*INSTRUCTIONS TO FOLLOW*.
Make an exact copy, from the records below, of the lines from the line containing "Ein Kameraobjektiv ist" to the line containing "Bourgeois Soloist OMC", both lines included, excluding pictures.

Top of TASK INPUTS

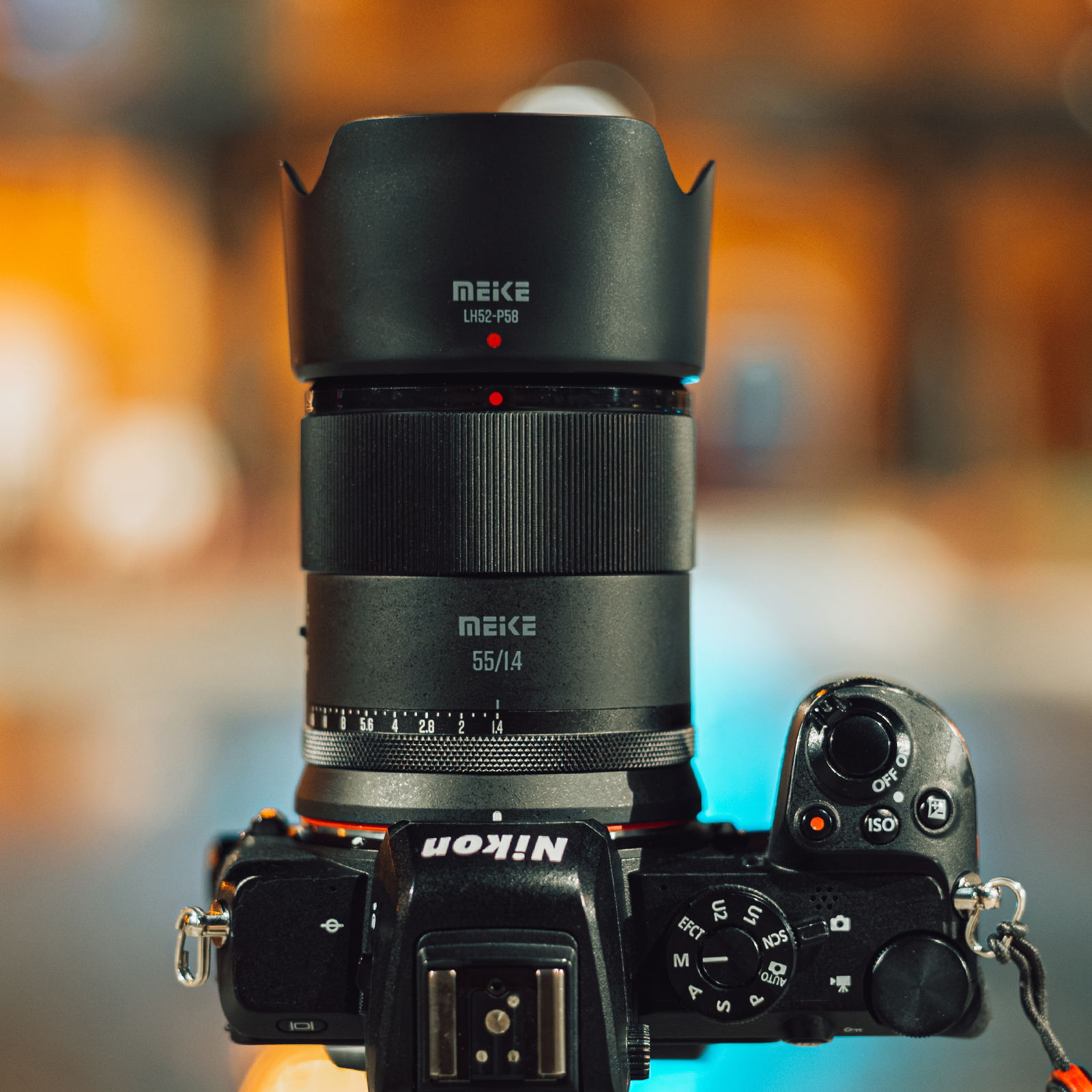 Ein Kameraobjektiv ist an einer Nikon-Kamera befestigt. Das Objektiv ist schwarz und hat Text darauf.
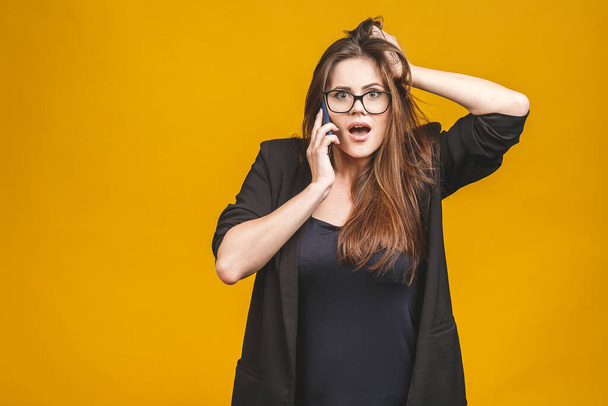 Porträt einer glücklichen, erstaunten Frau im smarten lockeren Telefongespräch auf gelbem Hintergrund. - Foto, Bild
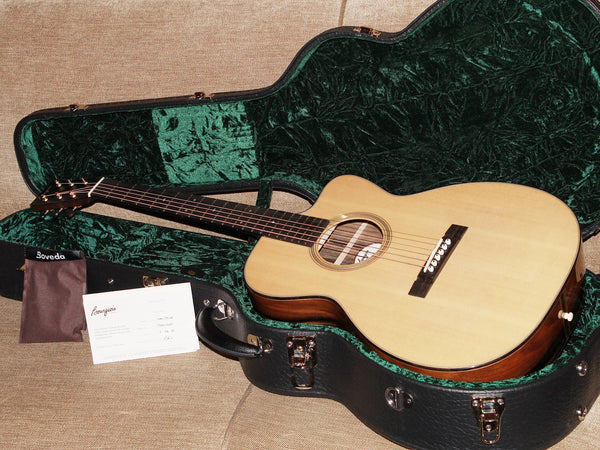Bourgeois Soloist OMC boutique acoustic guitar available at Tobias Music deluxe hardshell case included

Bottom of TASK INPUTS
Top of TASK INPUTS

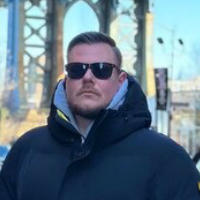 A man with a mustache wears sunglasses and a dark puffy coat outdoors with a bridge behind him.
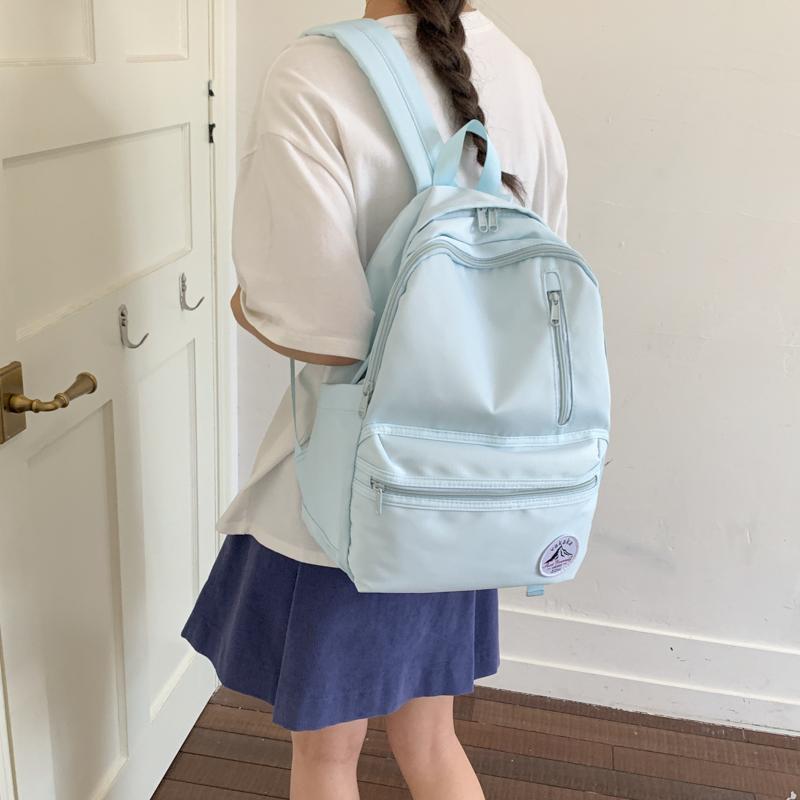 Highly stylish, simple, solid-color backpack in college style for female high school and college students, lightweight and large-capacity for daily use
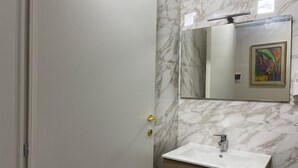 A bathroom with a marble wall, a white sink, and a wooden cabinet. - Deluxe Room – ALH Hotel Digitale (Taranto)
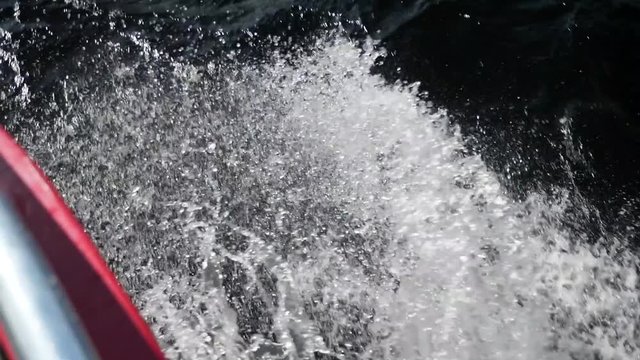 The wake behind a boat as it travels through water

Bottom of TASK INPUTS

*OUTPUT OF THE EXERCISE*.
 Ein Kameraobjektiv ist an einer Nikon-Kamera befestigt. Das Objektiv ist schwarz und hat Text darauf.
 Porträt einer glücklichen, erstaunten Frau im smarten lockeren Telefongespräch auf gelbem Hintergrund. - Foto, Bild
Bourgeois Soloist OMC boutique acoustic guitar available at Tobias Music deluxe hardshell case included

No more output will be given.